Mais récemment la mairie a décidé, à la surprise de tou.te.s, de mettre fin au dispositif. Les raisons sont floues. En décembre, tous les acteurs se réunissaient à la mairie pour organiser la suite… et fin janvier, un courrier d’expulsion était envoyé. Les jeunes sont tombé.e.s de haut. Iels ont tout de suite basculé dans la lutte.

U. C. : Suite à la mobilisation du vendredi 4 février, la mairie est revenue sur sa décision de fermer les Tourelles. Elle a toutefois fait savoir sa volonté de faire fermer le lieu à la fin de la trêve hivernale. Que craigniez-vous pour les semaines à venir ? 

La mairie n’est pas revenue sur sa décision ! Une expulsion ça ne se décrète pas, il y a des voies légales que la mairie est tenue de suivre. Elle les suit. Ce courrier c’est la première étape. Depuis, il y a eu une seconde visite d’huissier avec constatation de présence et notification d’une « sommation de déguerpir ». L’expulsion suit son cours, les jeunes luttent et vivent dans l’angoisse du lendemain. La mairie avance dans son inhumanité.

« Sans les bénévoles, les jeunes ne mangeraient pas »

U. C. : Vous recevez des mineur.e.s isolé.e.s dans ce lieu. Quels sont les enjeux qui se jouent derrière ce statut ? 

Des enfants à mettre à l’abri au même titre que n’importe quel enfant. On va être pointilleux sur les termes : Qui accompagne et sur quoi ? La mairie ? Elle abrite mais elle n’accompagne pas. Sans les militant.e.s et les bénévoles, les jeunes ne mangent pas, ne vont pas à l’école, ne se soignent pas, etc. Leur parcours et leur profil n’a pas de réelle importance. Un jeune est un jeune, l’attention, les droits, la prise en charge doivent être les mêmes… Ces jeunes sont venu.e.s pour s’assurer une vie meilleure, la France a le devoir de les prendre en charge. Qu’elle le fasse.

U. C. : En plus de votre collectif, des associations se mobilisent pour permettre à ce lieu de perdurer, c’est notamment le cas de Tous-tes en Classe 31 (TEC31). Comment cette association intervient-elle ? 

Comme précisé précédemment, la mairie ne fait que le strict minimum… et encore. Les jeunes sont accompagné.e.s dans leur scolarité par l’association TEC31 de deux manières. Elle se bat pour faire entrer les jeunes dans le droit commun en les scolarisant dans des établissements de la région toulousaine. Cette année, une quarantaine de jeunes ont été scolarisé.e.s grâce au soutien de ces établissements et de leurs équipes éducatives. Par ailleurs, les professeur.e.s bénévoles dispensent aussi plus de 35 heures de cours par semaine sur place. Iels sont présent.e.s tous les jours au bâtiment.

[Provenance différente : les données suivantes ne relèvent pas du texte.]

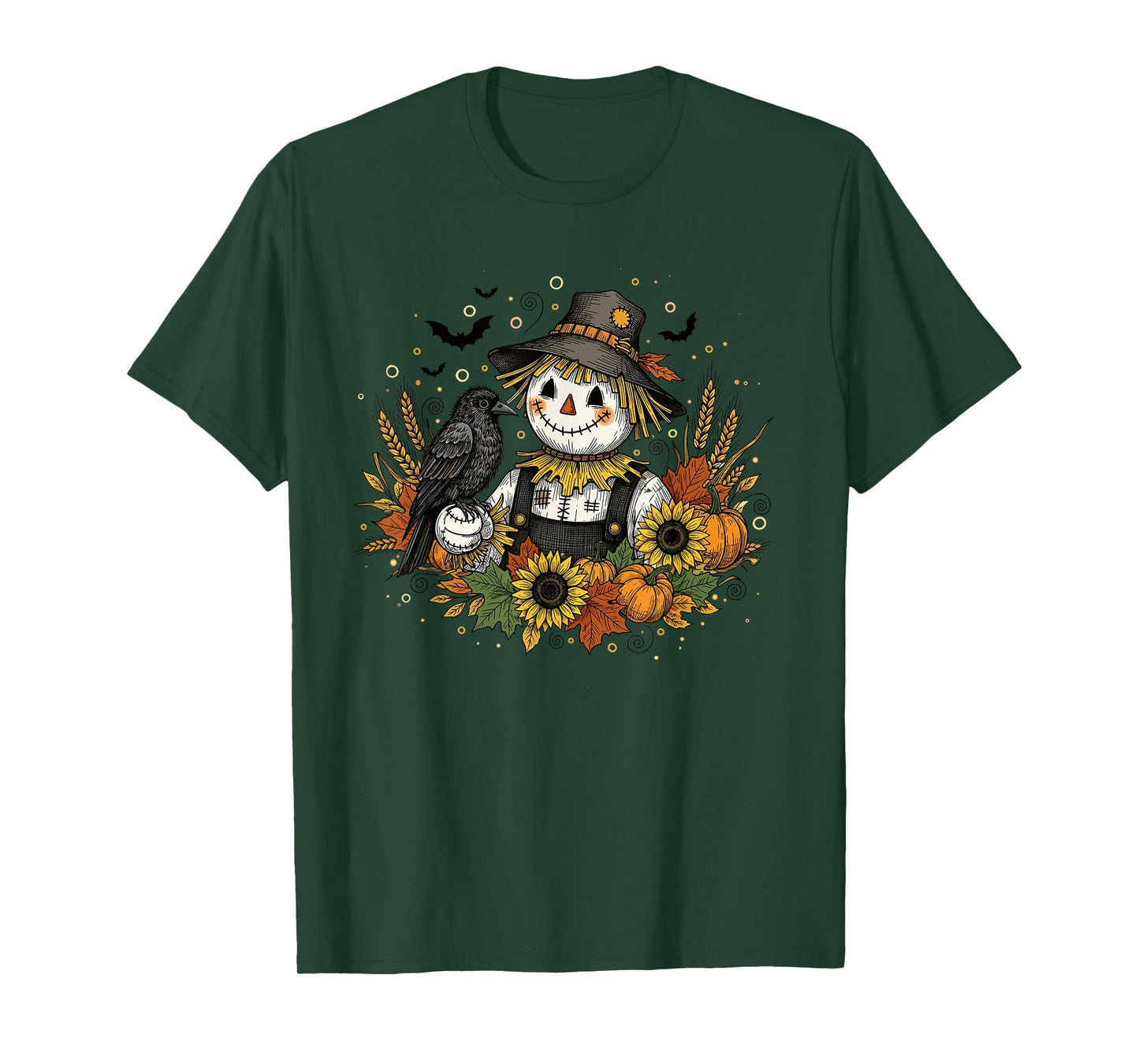Cute Autumn Scarecrow with Sunflowers and Crow Art T-Shirt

« L’espoir est leur moteur depuis qu’ils sont partis de chez eux »

U. C. : Les autorités ont avancé l’argument de la sécurité des jeunes pour justifier l’expulsion du lieu, une solution vous a-t-elle été proposée pour pallier à l’urgence de la situation ? 

Non, il n’y a eu aucune proposition… Mais on se demande de quel problème de sécurité on parle… La précarité alimentaire ? Les carences sanitaires et éducatives ? Ce sont les problèmes que l’on constate tous les jours et que les jeunes dénoncent depuis des mois. Quand l’huissier est venu, mandaté par la mairie, 20 policiers municipaux l’accompagnaient et ont temporairement bloqué les entrées et sorties. Y’a-t-il eu des débordements ? Aucun. De quel côté est la violence quand on envoie 20 flics armés pour une notification d’huissier à des ados ?

U. C. : Quand on voit que l’État a été débouté dans l’affaire du squat au 36 rue Roquelaine, et avec tous les efforts que vous mettez en oeuvre, avez-vous bon espoir pour la suite ? 

Les jeunes luttent et ont un objectif simple : la prise en charge par l’Aide Sociale à l’Enfance. L’espoir est leur moteur depuis qu’iels sont parti.e.s de chez eux. À nous tou.te.s d’être à la hauteur.